How do you use Segments?

I pretty much never use Samplers. What are some of the cool things you are doing with this?

Comments

  • It's great for chopping samples and then sequencing those chops with a sequencer like atom. Also great for playing one shots chromatically. Such as a synth one shot or hi hats for things like trap and drill. It's similar to abletons simpler but way less feature-rich and a worse algorithm but great for iOS. Can also be used to launch clips with a sequencer.

  • edited September 2021

    One shots, (Apex One Shots from Cymatics work well and I think volume 3 is free) played on the keyboard, drum loops cut into hits to play a new drum pattern on pads, melody samples to chop and create new melodies, basically any instrument loop to cut and turn into something new, and my favorite vocal samples, chopping them up. For instruments, melodies, and vocals, I like to sometimes reverse a couple of the slices, or change the pitch. Sometimes mono, sometimes in Poly playing reverse samples, and one shots at same time, sometimes putting pad 1 on thru, and looping the whole thing, then playing the other pads with adjustments over top. Sometimes looping or ping pong certain slices, setting some to play thru, some as one shots. There’s a lot more ways, but that all I can think of at the moment, sometimes I just slice a bunch of pads, alter some settings (some reverse, some gate, some one shot, etc…) and hit them until I hear something I like. I often set a little attack and release to ensure smooth transition, and set some different choke groups where needed. I really like how you can adjust each pad individually, or hit the “all” button and change every slice/pad.

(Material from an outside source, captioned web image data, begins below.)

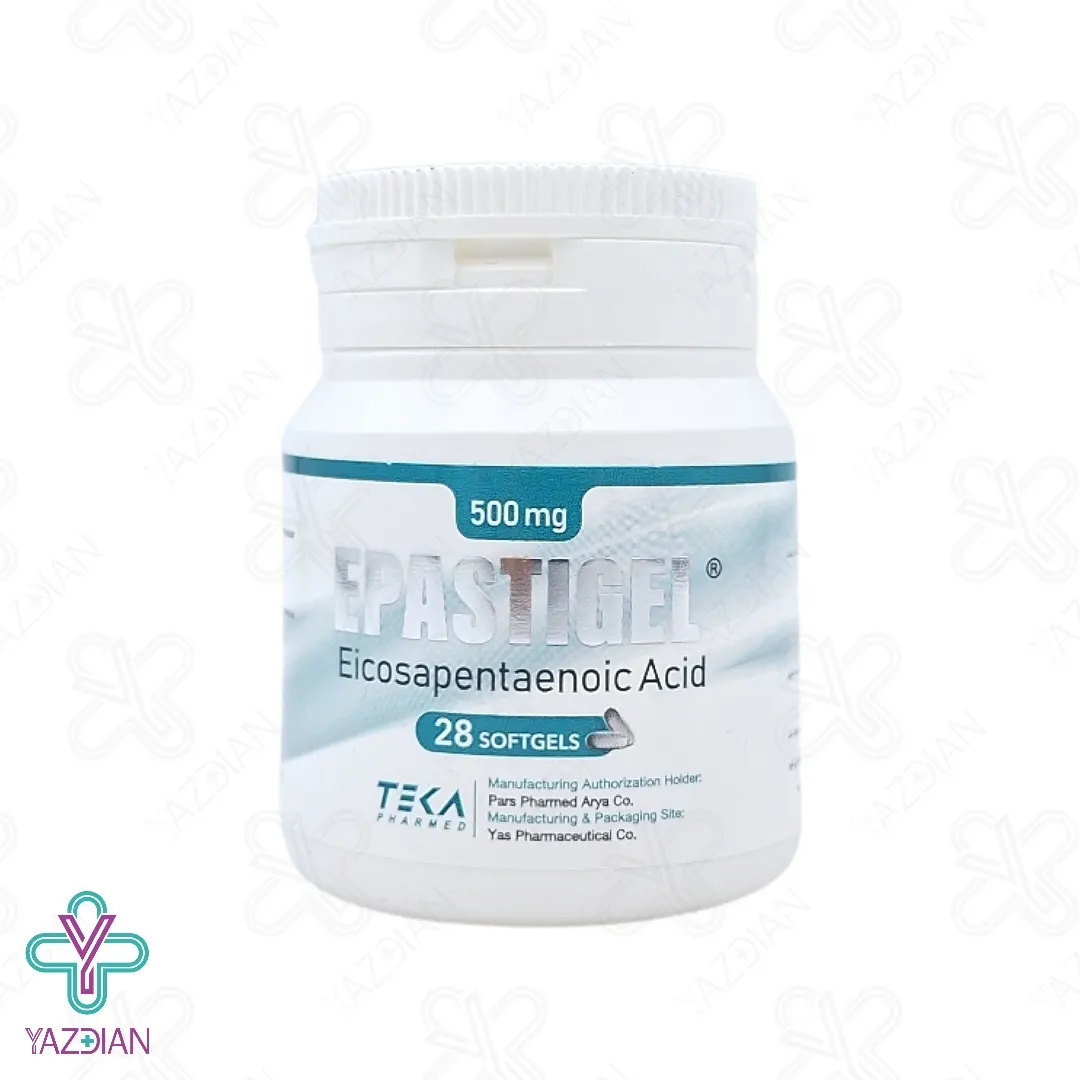 سافت ژل روغن ماهی اپاستیژل 500 میلی گرم تکافارمد - 28 عددی	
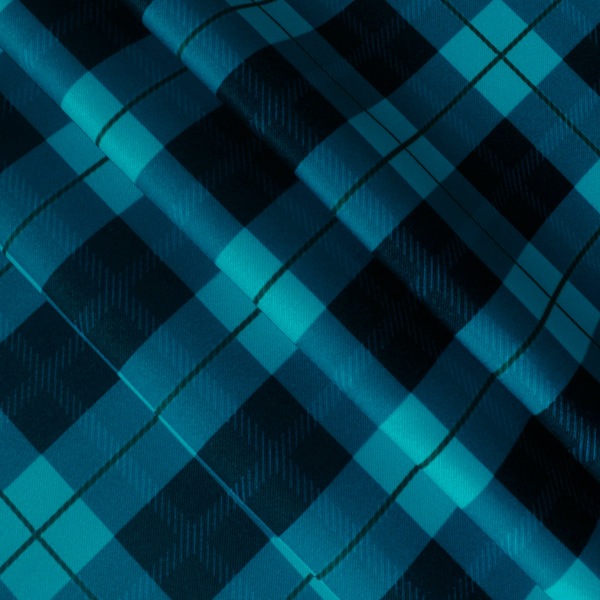 【送料無料】コストモオリジナルチェック（ライトブルー） コストモオリジナルプリント生地[FAVORIC]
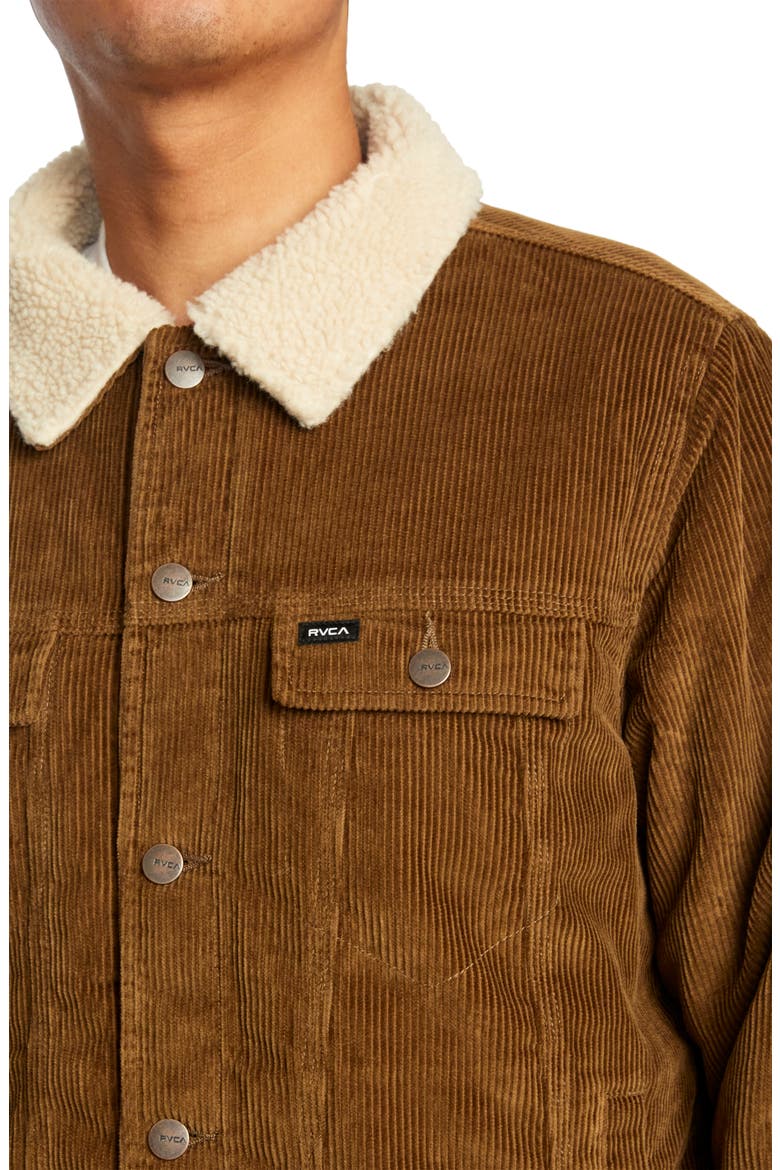 Men's Waylon Trucker Jacket, Alternate, color, BOMBAY BROWN
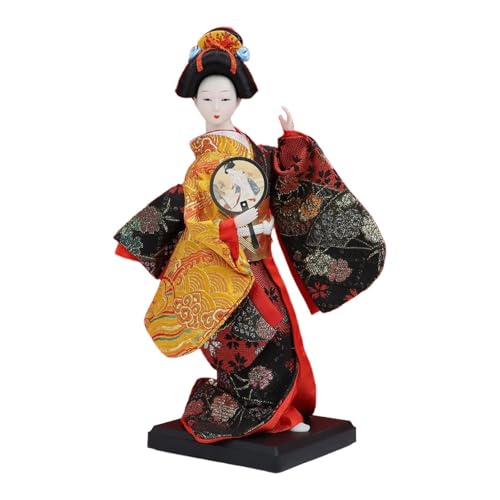FLCPJGV Geisha Puppe Japanische Statuette Sammlerfigur Im Kimono Dekorative Tischfigur mit Feiner Stickerei auf Der Kleidung für EIN Japanisches Ambiente Im, Style B FLCPJGV Geisha Puppe Japanische Statuette Sammlerfigur Im Kimono Dekorative Tischfigur mit Feiner Stickerei auf Der Kleidung für EIN Japanisches Ambiente Im, Style B von FLCPJGV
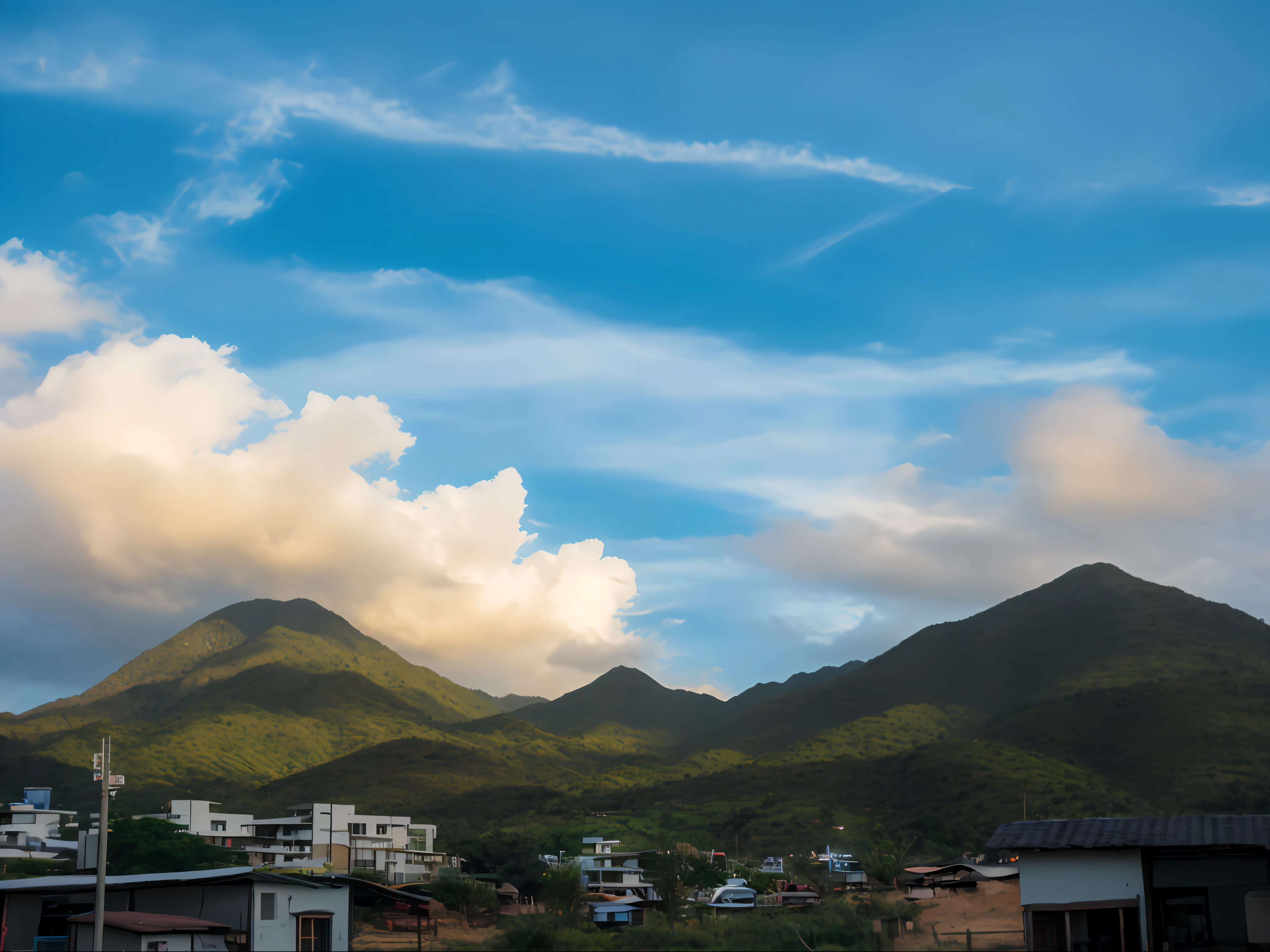 Swazi landscape, cinematic lighting, depth of field, bokeh, realism, photorealistic, hyperrealism, professional photography, uhd, dslr, hdr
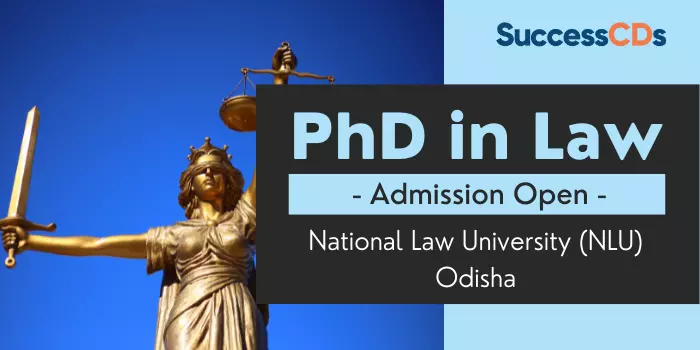 nlu odisha phd admission
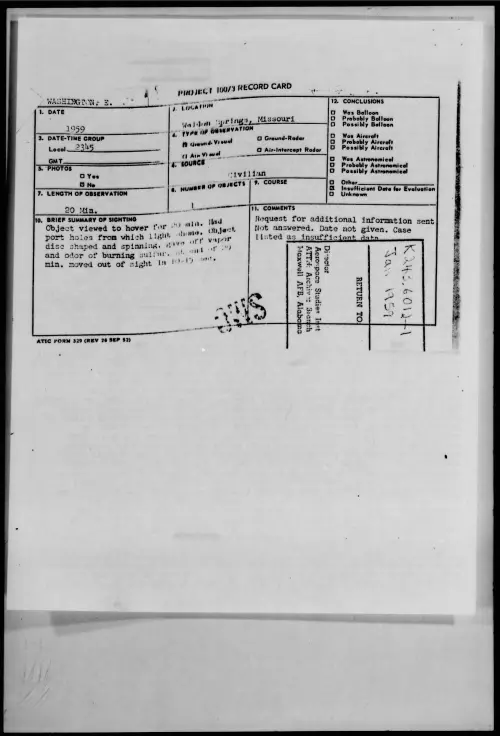 First page of 1959.xx - 9078680 - Weldon Springs, Missouri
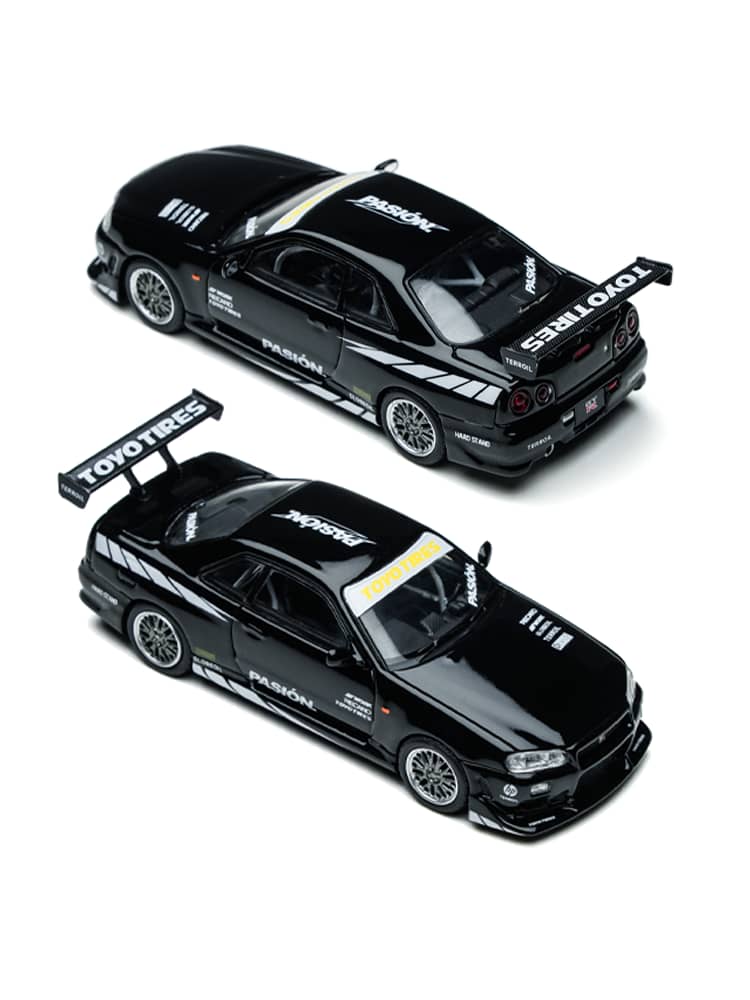 [ETA:  Apr 2026 ] Time Micro 1/64 C-West GT-R R34 Black Pasion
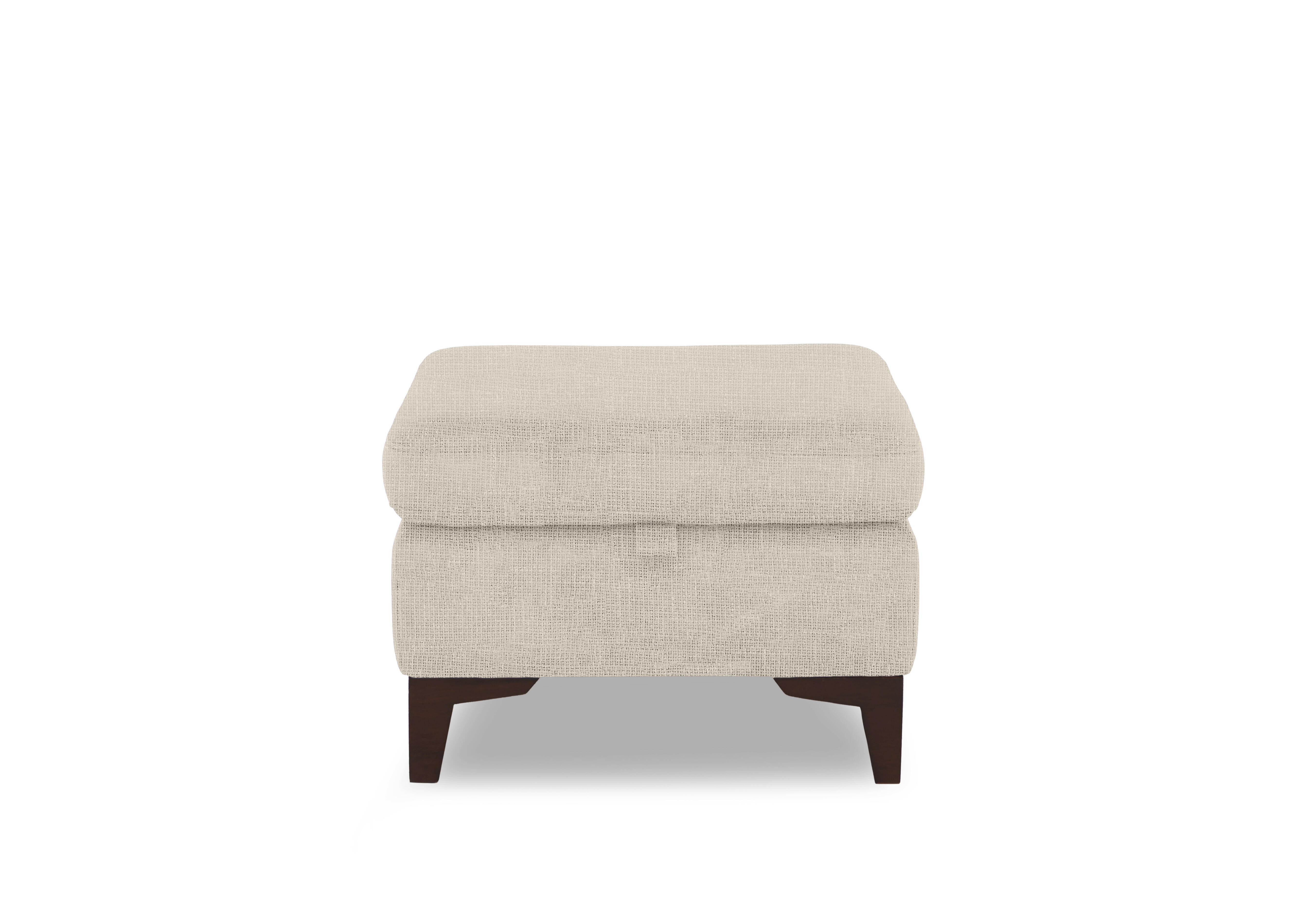 Zoom Fabric Storage Footstool in Weave Stone We-0102 on Furniture Village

    I also like to experiment with the midi I send in to see what happens, sometimes I load any type of loop, slice it up, change whatever settings and use one of many midi apps, or midi fx apps, or a combo of midi app, & a midi fx app or 2. (ie. Just one example Autony and Cality, or Autony and SPA, or Riffr and a Mozaic script. Theres a million ways to send and effect the midi in) Basically experimenting with the midi in to see what I can get to come out of segments, instead of playing the pads. On the other hand Sometimes I record myself playing the pads if I want something specific, by sending midi out from segments into atom 2, recording it. Then reverse routing and send that midi back into segments. My rule is basically there is no rules.

  • Thanks guys, some very cool tips there 👍👍👍

  • @Lil_Stu07 said:
    It's great for chopping samples and then sequencing those chops with a sequencer like atom. Also great for playing one shots chromatically. Such as a synth one shot or hi hats for things like trap and drill. It's similar to abletons simpler but way less feature-rich and a worse algorithm but great for iOS. Can also be used to launch clips with a sequencer.

    Can you mix and match time signatures with Atom, say inserting a bar of 3/4 into a 4/4 tune?